The issue of cost remains an embarrassment. Up from an original estimate of $700 million to be financed by sale of the profitable Golden Casket, the now near $2 billion dollar cost is a significant hit to the State’s parlous finances, and a significant factor in the forced sale of assets and job losses in Q-Health and the broader public service.
How could a near $2 billion dollar expenditure of public money proceed without the support of any document of validation, and in contempt of every inquiry into paediatric services that has showed Herston as the preferred site for a major paediatric teaching hospital? Five pillars of falsehood underpin the QCH plan.

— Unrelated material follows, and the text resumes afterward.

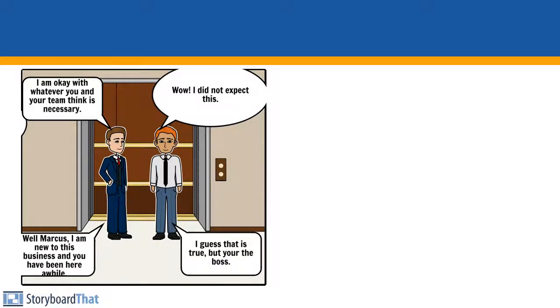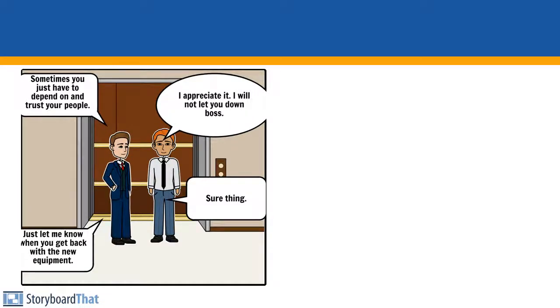I'm okay with whatever you and your team think is necessary. Wow, I did not expect this. Well Marcus, I am new to this business and you have been here a while. I guess that's true, but you're the boss. Sometimes you just have to depend on and trust your people. I appreciate it. I will not let you down, boss. Just let me know when you get back with the new equipment. Sure thing.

First, was the misapprehension by Premier Beattie in the parliament on 30 March 2006 that there were moves to close Mater Children's. Second, the promise of improved results for paediatric cardiac surgery by removing this section from Prince Charles to MCH (to become the cornerstone of a new children’s hospital), when in fact the Prince Charles unit was performing to world standards, as demonstrated in published audits. Third, the rejection of Herston as suitable for redevelopment, based on a perfunctory assessment by a Q-Health functionary who appeared on site in August 2006 without consulting any of the on-site engineers. Fourth, a misguided obsession with a one-hospital policy, which eliminates back-up in the event of disasters and ignores the functional two-hospital system operating in Sydney and Melbourne. Fifth, the claim that the QCH plan will deliver a ‘world-class’ hospital when in fact it will not do so.
Why has the strong resistance to the QCH plan been ineffective? Within days of the August 2006 Beattie announcement, the stunned RCH staff were admonished by management that any public criticism would be taken as breach of contract. As a sign of serious intent, at least two senior medical staff were dismissed for expressing reservations about the plan.
In essence, a well-functioning and important asset is being sacrificed under a plan conceived in secret without any document of justification, for an unnecessary, inadequate and poorly sited construction in a former Premier’s electorate, and at a cost which is bleeding the State dry. Inquiries and Royal Commissions have been held for matters less serious than this. Queensland paediatrics deserves better.